Leaving the pictures aside, transcribe only and exactly the lines from the one with "A temple with" through the end of the entries, both included.

-- Entries supplied follows --

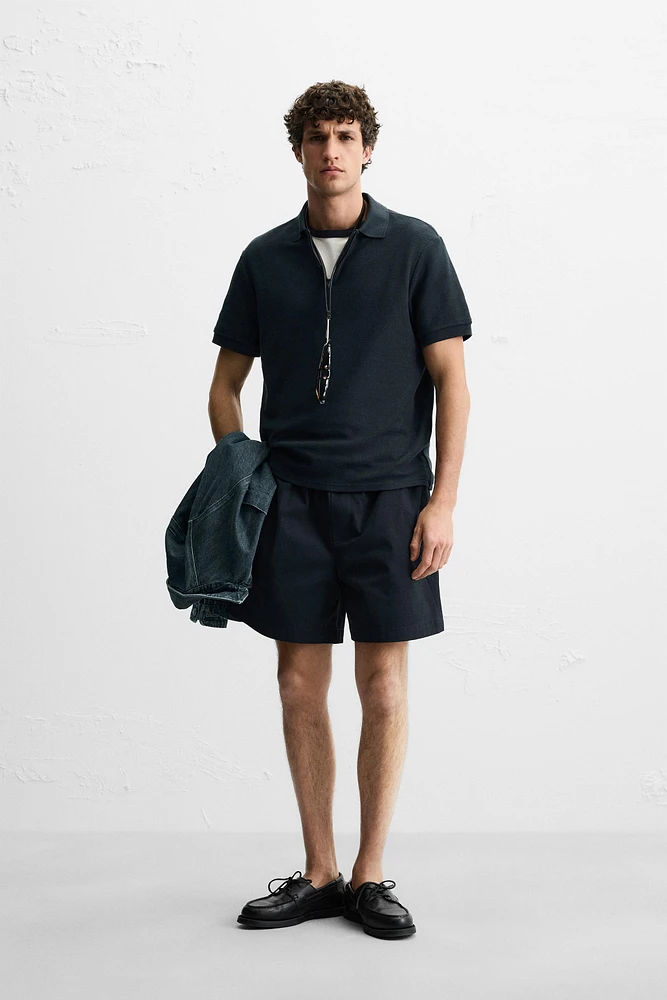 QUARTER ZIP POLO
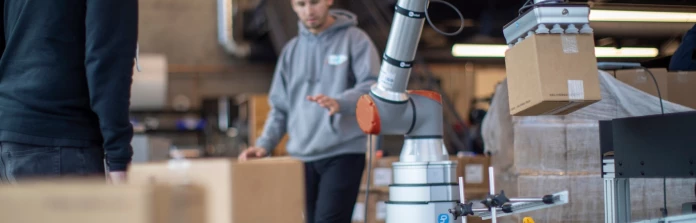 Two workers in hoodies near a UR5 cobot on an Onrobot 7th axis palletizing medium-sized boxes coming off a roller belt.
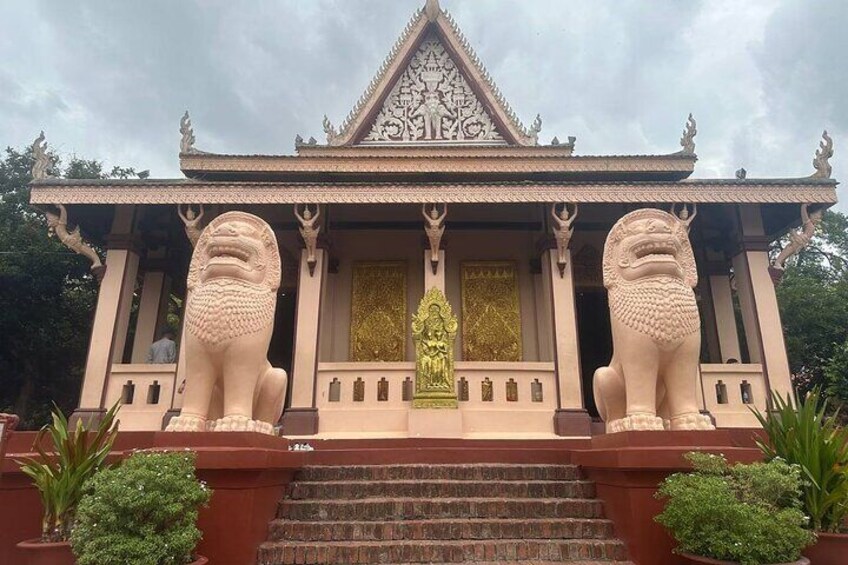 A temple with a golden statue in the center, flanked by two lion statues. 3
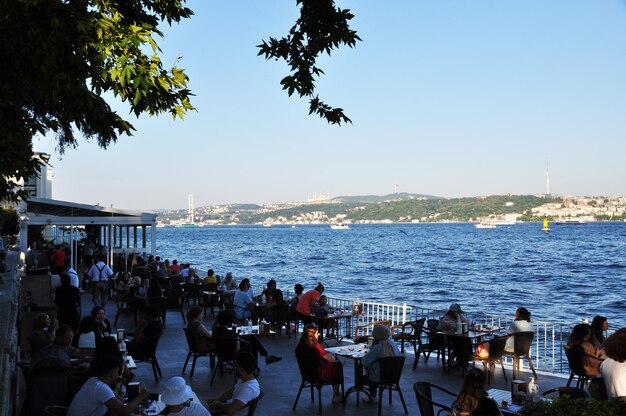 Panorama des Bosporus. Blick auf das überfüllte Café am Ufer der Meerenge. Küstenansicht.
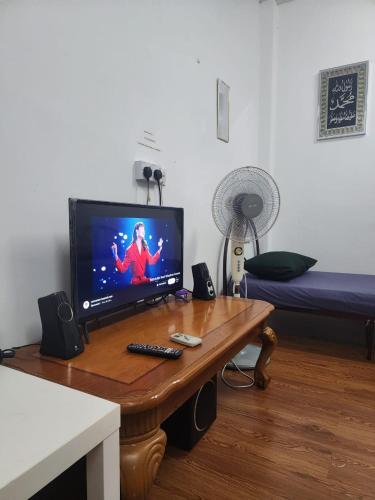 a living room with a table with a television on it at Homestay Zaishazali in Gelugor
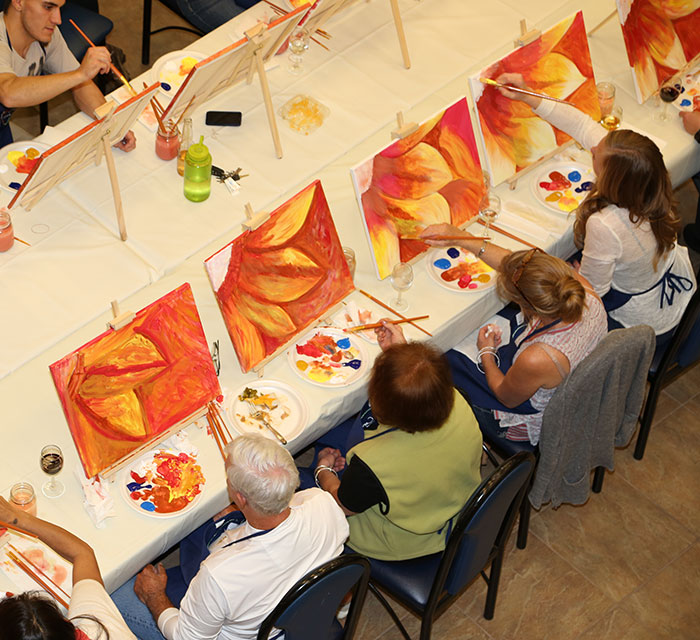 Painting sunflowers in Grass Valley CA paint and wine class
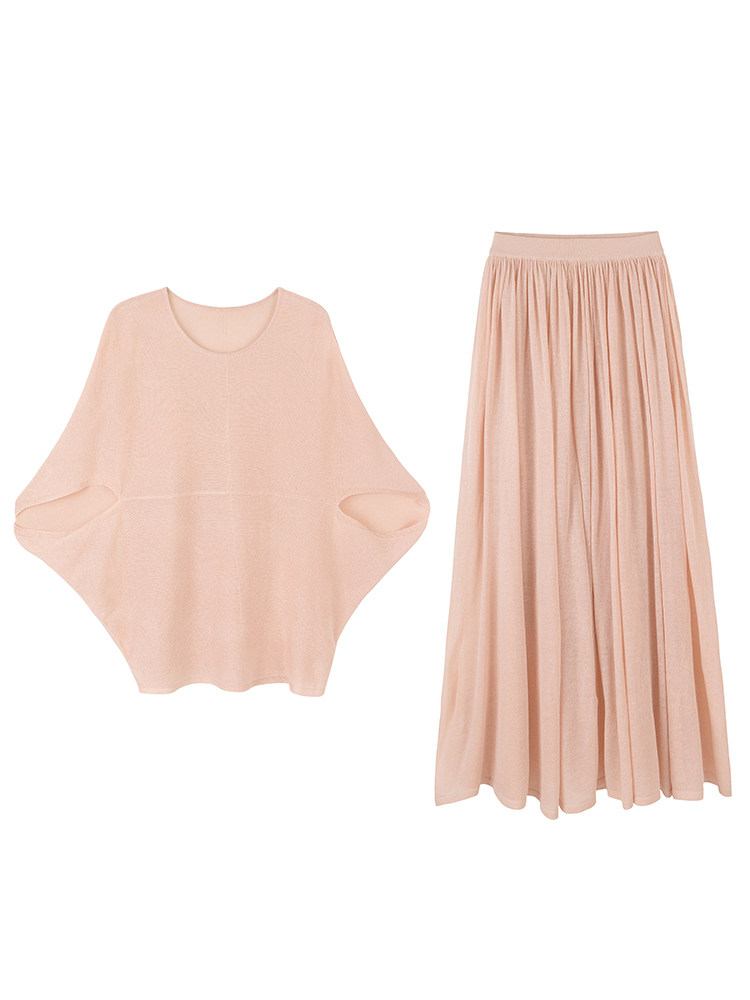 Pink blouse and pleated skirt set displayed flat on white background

-- Entries supplied concluded --

#### Written solution:
 A temple with a golden statue in the center, flanked by two lion statues. 3
 Panorama des Bosporus. Blick auf das überfüllte Café am Ufer der Meerenge. Küstenansicht.
 a living room with a table with a television on it at Homestay Zaishazali in Gelugor
 Painting sunflowers in Grass Valley CA paint and wine class
 Pink blouse and pleated skirt set displayed flat on white background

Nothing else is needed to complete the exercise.